Patients were assigned to the OAC-prescribed or not OAC-prescribed cohorts based on whether they were ever prescribed OAC therapy at any time on or after the index AF diagnosis (follow-up period). Based on the type of index prescription, patients were assigned to either the DOAC (apixaban, dabigatran, edoxaban, or rivaroxaban) or warfarin sub-cohorts. Figure 1 further depicts detailed patient selection criteria.

Fig. 1
figure 1

Patient selection criteria. AF, atrial fibrillation; DOAC, direct oral anticoagulants; ICD-9/10-CM: International Classification of Disease 9th/10.th Revision Clinical Modification

2.3 Baseline variables

Patient demographics, clinical characteristics (i.e., clinical risk scores, comorbidities, and medications) and health care utilization (emergency room [ER], office visits, and inpatient admissions) were measured during the 12-month baseline period. Age, sex, and race were measured on the index date. While race is acknowledged here as a social construct, this study assessed race categories based on CMS codes [15]. Patient CHA2DS2-VASc scores were tabulated to assess stroke risk, while modified, code-based HAS-BLED scores (international normalized ratio [INR], lab values, and self-reported alcohol consumption were not available) were tabulated to evaluate risk of bleeding. Evidence of bleeding and stroke was evaluated during the 12-month baseline period. A history of major bleeding was classified as intracranial (ICH), major gastrointestinal (GI), or other major bleeding based on claims in the inpatient setting in the primary diagnosis position. In addition, non-major bleeding in any clinical setting was evaluated. A history of stroke/systemic embolism (SE) was classified as ischemic stroke and SE based on a primary diagnosis in the inpatient setting. Hemorrhagic stroke was not separately assessed, as it was a component of intracranial bleeding.

2.4 Statistical analysis

All variables were stratified by cohort and analyzed descriptively. Means and standard deviations were provided for continuous variables. Frequencies and percentages were provided for categorical variables. T-tests and chi-square tests were conducted to compare cohorts.

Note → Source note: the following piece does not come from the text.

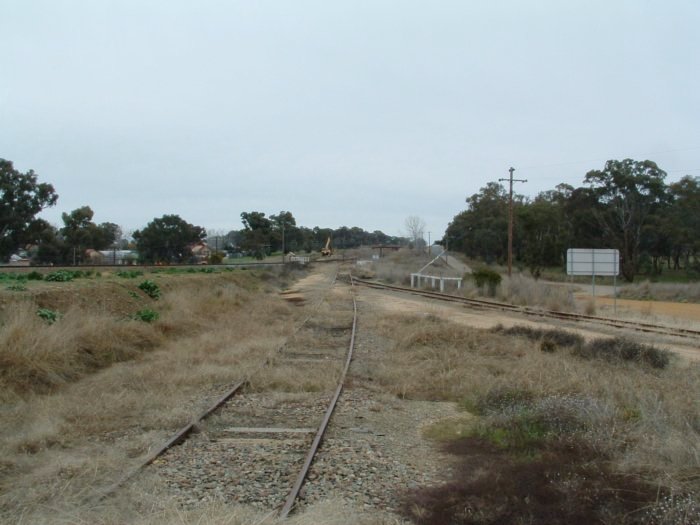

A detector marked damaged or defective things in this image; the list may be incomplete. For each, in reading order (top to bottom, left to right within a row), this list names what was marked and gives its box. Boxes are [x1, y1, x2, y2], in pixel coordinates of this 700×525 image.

rusty railroad track [101, 268, 358, 516]
rusty railroad track [352, 276, 700, 342]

Multivariable logistic regression models were constructed to assess the adjusted association of baseline demographics, clinical characteristics, medications, and health care utilization with OAC therapy prescription. All baseline variables were included in the logistic regression model to assess for potential independent predictors, and to adjust for potential confounding (See Table 1 for complete list). Age and sex were forced into the model. Backward stepwise model selection was used with entry and stay thresholds of p < 0.15 each to select variables. In the main analysis, age was considered as a categorical variable (65–74, 75–84, ≥ 85 years); however, in a supplemental analysis, age was included in the model as a continuous variable. The presence of interactions between selected study variables of clinical significance were evaluated based on a priori specification. A P value < 0.05 was considered significant for main effects, while a P value < 0.10 was considered statistically significant for interaction terms. All analyses were conducted using SAS 9.4 [Cary, NC]. Missing data, if any, were not imputed.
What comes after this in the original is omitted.